### The data
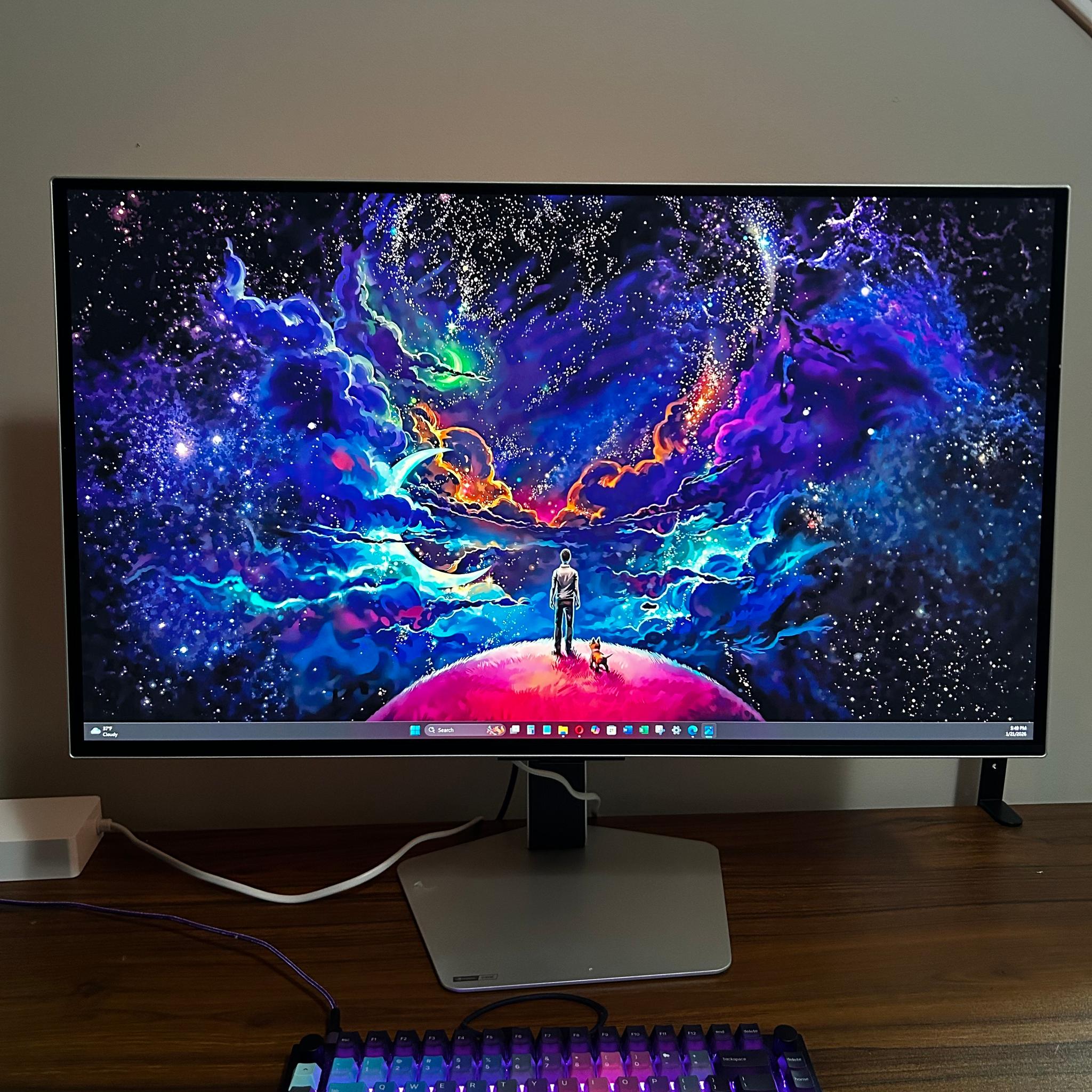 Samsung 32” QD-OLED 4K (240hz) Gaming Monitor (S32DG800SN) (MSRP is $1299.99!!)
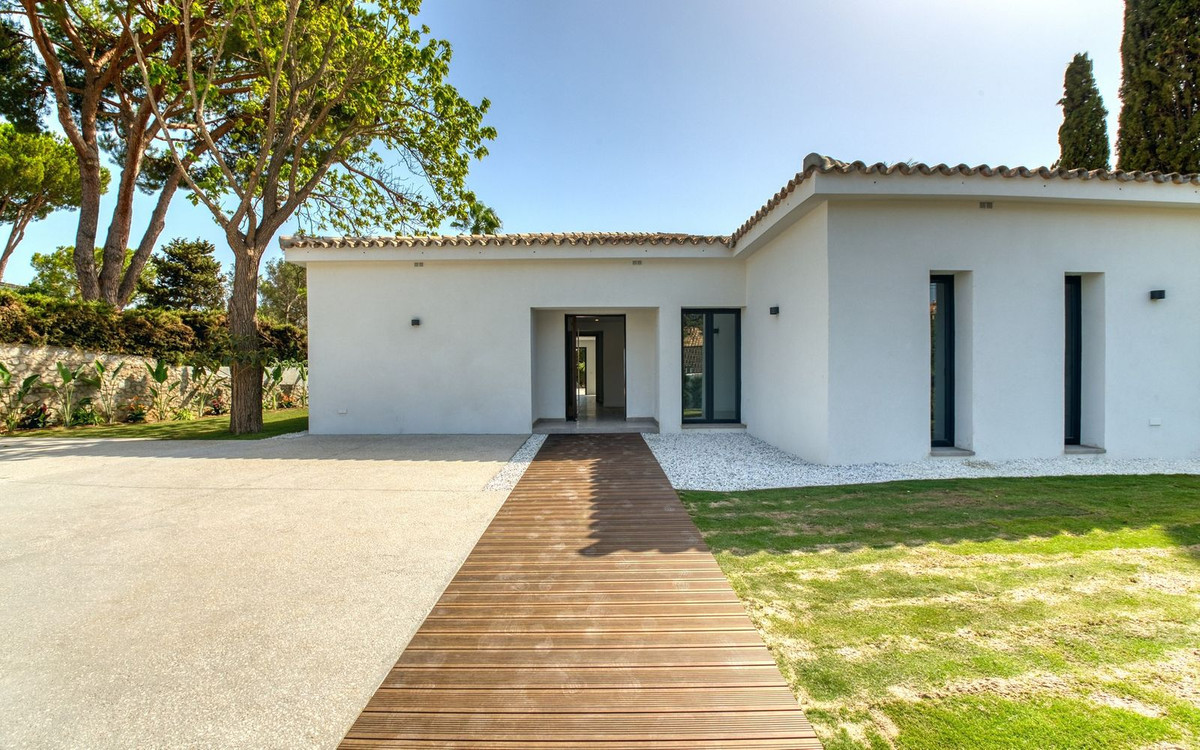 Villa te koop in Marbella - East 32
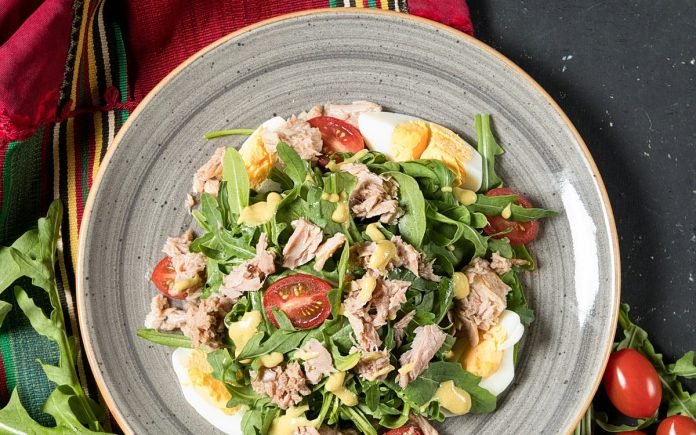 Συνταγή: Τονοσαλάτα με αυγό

--

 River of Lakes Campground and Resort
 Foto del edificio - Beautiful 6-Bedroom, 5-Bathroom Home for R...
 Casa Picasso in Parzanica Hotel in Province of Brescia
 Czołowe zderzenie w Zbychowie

### Work required
Above are entries with pictures among them. Write out exactly the lines from the one containing "(MSRP is $1299.99!!)" through the one containing "Συνταγή: Τονοσαλάτα με αυγό", ends included, and leave those pictures out.

### Result for this task
 Samsung 32” QD-OLED 4K (240hz) Gaming Monitor (S32DG800SN) (MSRP is $1299.99!!)
 Villa te koop in Marbella - East 32
 Συνταγή: Τονοσαλάτα με αυγό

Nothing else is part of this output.